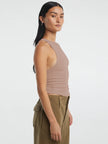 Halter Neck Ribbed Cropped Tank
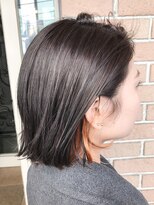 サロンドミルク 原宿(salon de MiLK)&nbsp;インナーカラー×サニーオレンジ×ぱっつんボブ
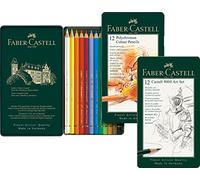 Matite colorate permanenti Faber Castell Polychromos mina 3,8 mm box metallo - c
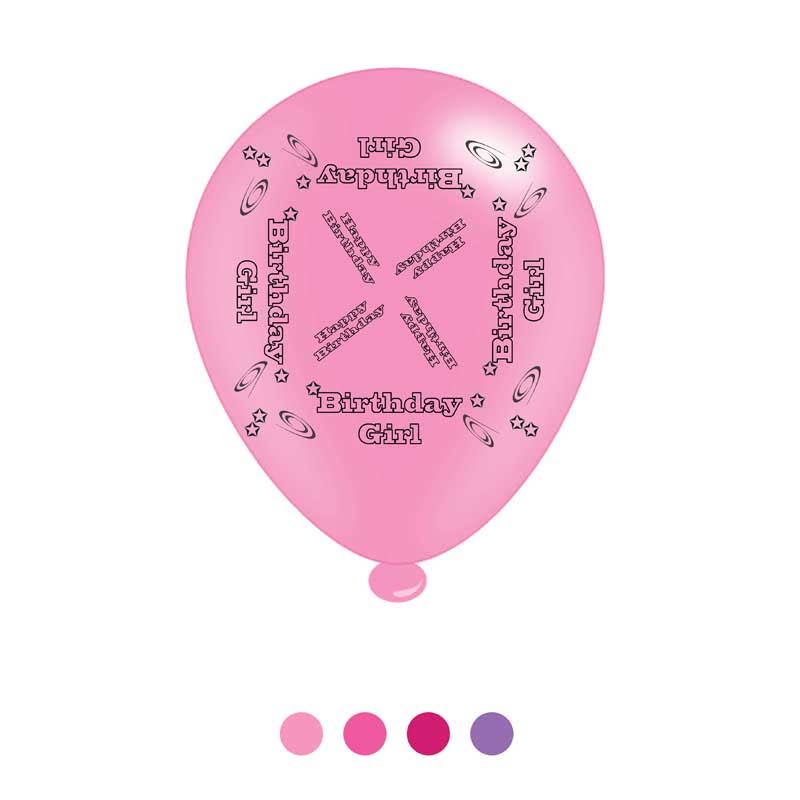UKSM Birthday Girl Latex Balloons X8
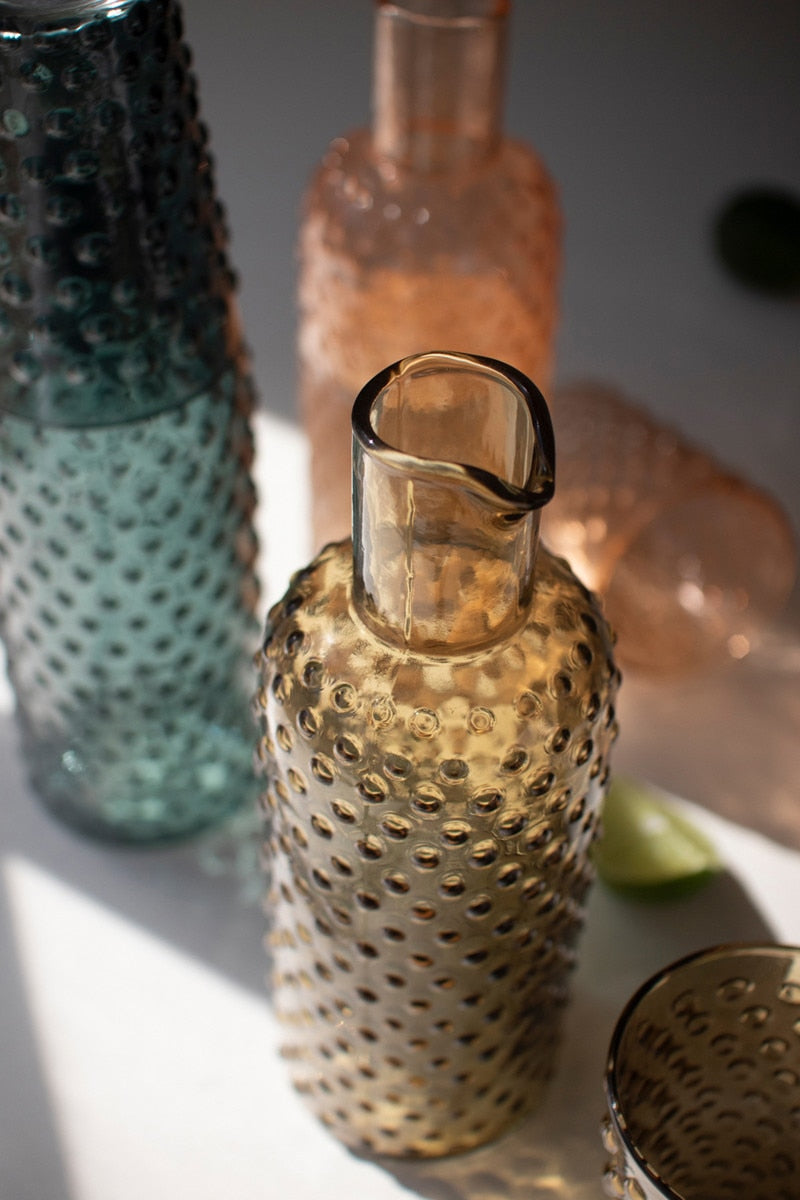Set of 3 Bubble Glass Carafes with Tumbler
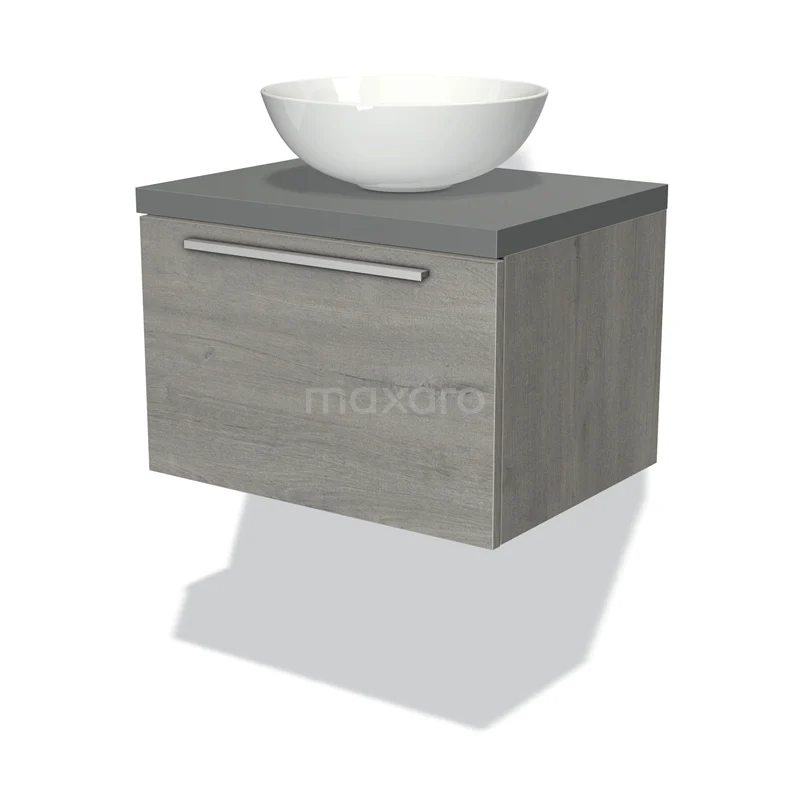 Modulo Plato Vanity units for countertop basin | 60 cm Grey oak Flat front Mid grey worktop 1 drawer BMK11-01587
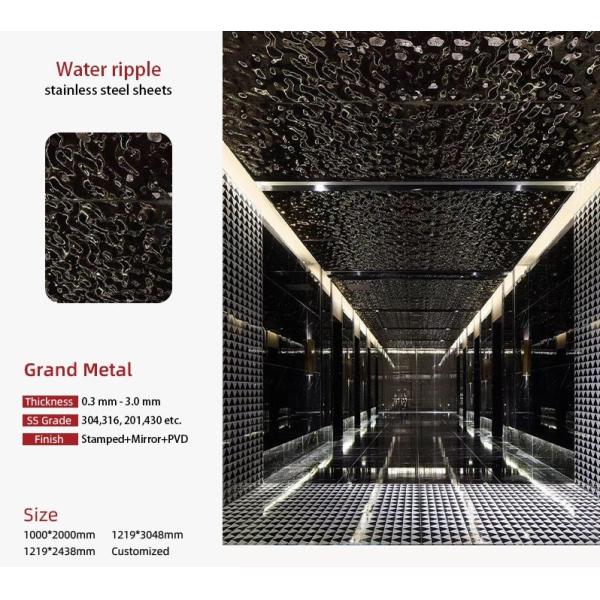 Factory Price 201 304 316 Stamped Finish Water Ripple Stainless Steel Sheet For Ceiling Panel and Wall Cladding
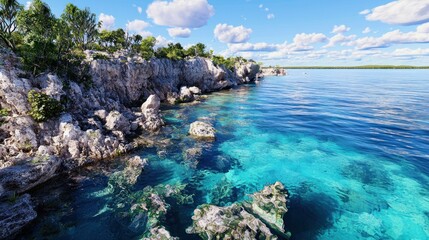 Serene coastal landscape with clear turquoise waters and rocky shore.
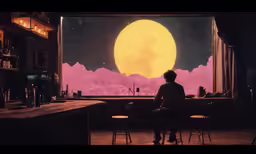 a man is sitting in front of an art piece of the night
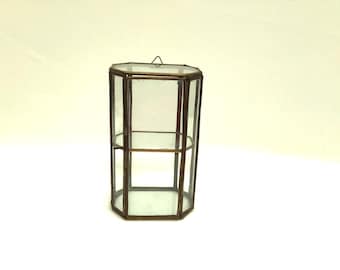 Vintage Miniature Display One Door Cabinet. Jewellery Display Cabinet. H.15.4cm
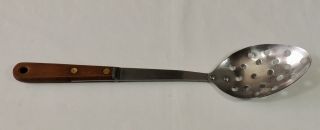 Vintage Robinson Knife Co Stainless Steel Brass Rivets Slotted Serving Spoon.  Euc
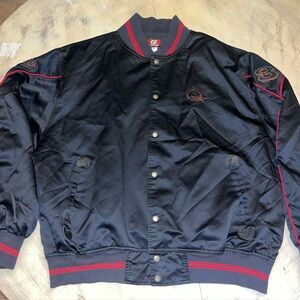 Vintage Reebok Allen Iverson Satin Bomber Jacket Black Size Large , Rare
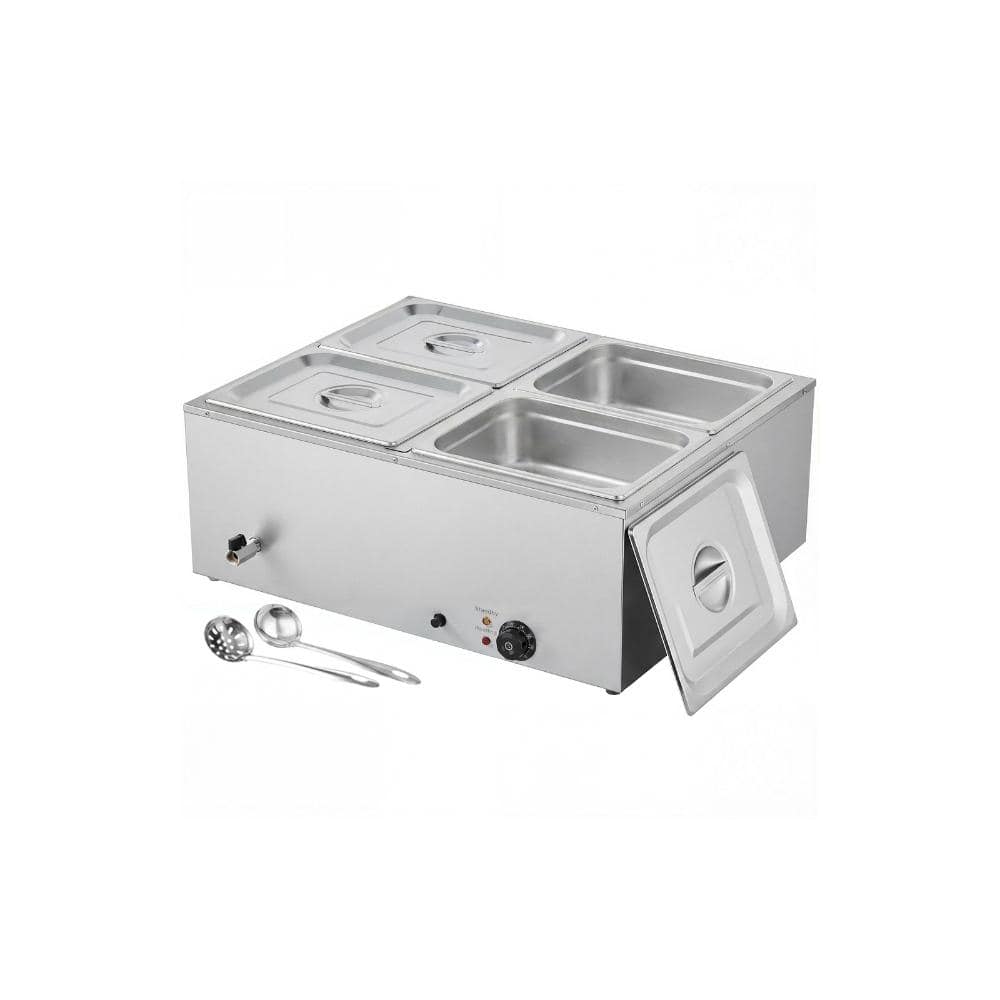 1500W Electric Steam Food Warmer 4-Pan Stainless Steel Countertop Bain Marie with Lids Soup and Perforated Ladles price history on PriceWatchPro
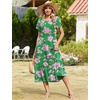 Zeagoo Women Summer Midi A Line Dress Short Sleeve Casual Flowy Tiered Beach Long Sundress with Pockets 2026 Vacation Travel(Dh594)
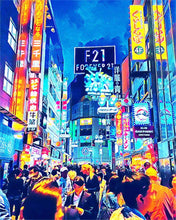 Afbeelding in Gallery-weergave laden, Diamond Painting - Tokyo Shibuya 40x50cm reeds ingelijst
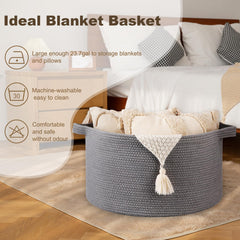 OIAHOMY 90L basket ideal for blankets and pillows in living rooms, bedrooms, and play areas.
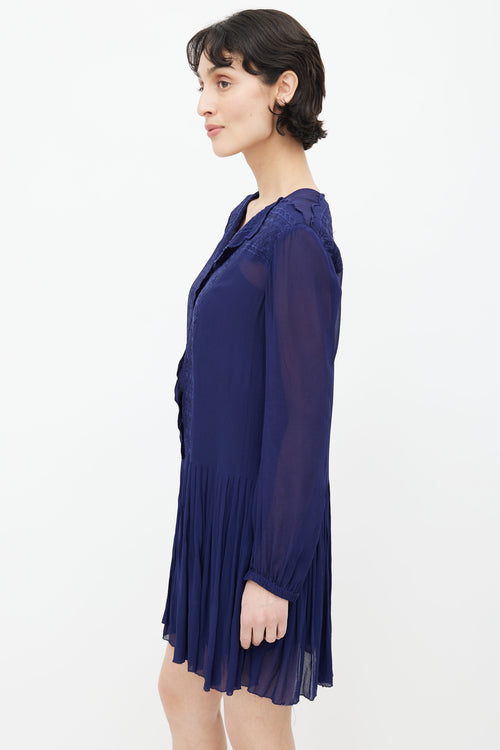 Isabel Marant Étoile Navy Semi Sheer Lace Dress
───
◆ **PROBLEM TO SOLVE**:
Give exactly the lines above that run from the line with "サロンドミルク 原宿(salon de" to the line with "Zeagoo Women Summer", both included, leaving every picture out.

◆ **ANSWER BOX**:
 サロンドミルク 原宿(salon de MiLK)&nbsp;インナーカラー×サニーオレンジ×ぱっつんボブ
 Matite colorate permanenti Faber Castell Polychromos mina 3,8 mm box metallo - c
UKSM Birthday Girl Latex Balloons X8
Set of 3 Bubble Glass Carafes with Tumbler
 Modulo Plato Vanity units for countertop basin | 60 cm Grey oak Flat front Mid grey worktop 1 drawer BMK11-01587
 Factory Price 201 304 316 Stamped Finish Water Ripple Stainless Steel Sheet For Ceiling Panel and Wall Cladding
 Serene coastal landscape with clear turquoise waters and rocky shore.
 a man is sitting in front of an art piece of the night
 Vintage Miniature Display One Door Cabinet. Jewellery Display Cabinet. H.15.4cm
 Vintage Robinson Knife Co Stainless Steel Brass Rivets Slotted Serving Spoon.  Euc
 Vintage Reebok Allen Iverson Satin Bomber Jacket Black Size Large , Rare
 1500W Electric Steam Food Warmer 4-Pan Stainless Steel Countertop Bain Marie with Lids Soup and Perforated Ladles price history on PriceWatchPro
 Zeagoo Women Summer Midi A Line Dress Short Sleeve Casual Flowy Tiered Beach Long Sundress with Pockets 2026 Vacation Travel(Dh594)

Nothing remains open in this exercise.